Ende Februar schritt Rommel am Kasserinenpaß zu seiner letzten erfolgreichen Offensive in Nordafrika. Diesen Namen hören US-amerikanische Militärs bis heute nicht gern. Mit drei Panzerdivisionen, darunter der italienischen Division "Ariete", griff Rommel die Amerikaner an. 3.000 Gefangene wurden gemacht und rund 270 Panzer- und Panzerspähwagen abgeschossen. Als die Briten den Amerikanern zu Hilfe eilten, mußten sich die schlecht bewaffneten deutschen und italienischen Divisionen zurückziehen. Am 22. Februar war die Offensive zu Ende.

Hitler berief Rommel aus Afrika ab, weil er nicht wollte, daß die Alliierten ihn gefangennahmen. Nachfolger wurde der Generaloberst Jürgen von Arnim. Schritt um Schritt mußten Deutsche und Italiener zurückweichen. Bis zum Schluß war es ein Kampf, der von der Wertschätzung der Deutschen für die Briten und umgekehrt gekennzeichnet war. Die alliierte Luftflotte beherrschte rund um die Uhr den Luftraum. Als in Tunis ein Frachter mit 700 kriegsgefangenen Briten den Hafen verlassen wollte, begann gerade ein Luftangriff. Von Arnim ließ durch Funkspruch dem britischen General Alexander, den Stellvertreter des US-Oberbefehlshaber Dwight D. Eisenhower, mitteilen, daß Briten an Bord des Frachters seien. Alexander ließ daraufhin den Luftangriff abbrechen. Nach der Kapitulation der Achsentruppen im Mai sollte der arrogante Eisenhower es ablehnen, den deutschen Oberbefehlshaber zu empfangen. Sein Stellvertreter Alexander hingegen lud ihn zum Essen ein und fragte ihn, wie er sich revanchieren könne. Von Arnim bat ihn, 700 schwerverwundete Deutsche aus der Gefangenschaft zu entlassen und nach Deutschland zu bringen. Alexander: "Ich erfülle Ihren Wunsch."

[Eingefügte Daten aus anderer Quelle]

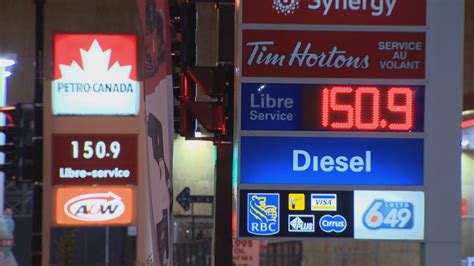 Gas prices pass $1.50 mark in Montreal - Montreal | Globalnews.ca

Ab März 1943 erreichten nur noch kleine Handelsschiffe den Hafen von Tunis. Die Versorgung der Truppe wurde unmöglich. Generaloberst von Arnim erklärte: "Auch ohne alliierte Offensive hätte ich spätestens am 1. Juni kapitulieren müssen, weil wir nichts mehr zu essen hatten." Am 13. April 1943 begann die Schlußoffensive der Alliierten. Auch hier versagten die US- Truppen gegen die erschöpften Italiener und Deutschen, während die Briten am 7. Mai bei der 15. Panzerdivision den Durchbruch schafften. Die 11. Husaren- und Eliteformation der 7. britischen Panzerdivision stieß an den Stadtrand von Tunis vor. Der Hafen lag unter dem Artilleriefeuer der Briten. Am 13. Mai kapitulierte als letzte kämpfende Einheit die 164. leichte Afrikadivision. Damit war der Kampf um Nordafrika beendet. 18.594 deutsche Soldaten fielen in diesem Kampf, über 3.400 Mann gelten als vermißt. Die britischen Commonwealthstreitkräfte verloren in diesem dreijährigen Feldzug 35.476 Soldaten. Die Verluste der Italiener beliefen sich auf 13.748 Tote und 8.821 Vermißte. Die US-Amerikaner, die nur sechs Monate in Nordafrika kämpften, hatten einen Gesamtverlust von 16.500 Mann zu beklagen.

Nur zwei Monate später landeten die Alliierten in Europa. Allerdings bedeutete der Krieg in Nordafrika auch den Anfang vom Ende der Kolonialherrschaft der Europäer in Nordafrika. Algerien mußte in den 50er Jahren lange um seine Unabhängigkeit kämpfen - Tunesien und Marokko erlangten ihre Selbständigkeit friedlich.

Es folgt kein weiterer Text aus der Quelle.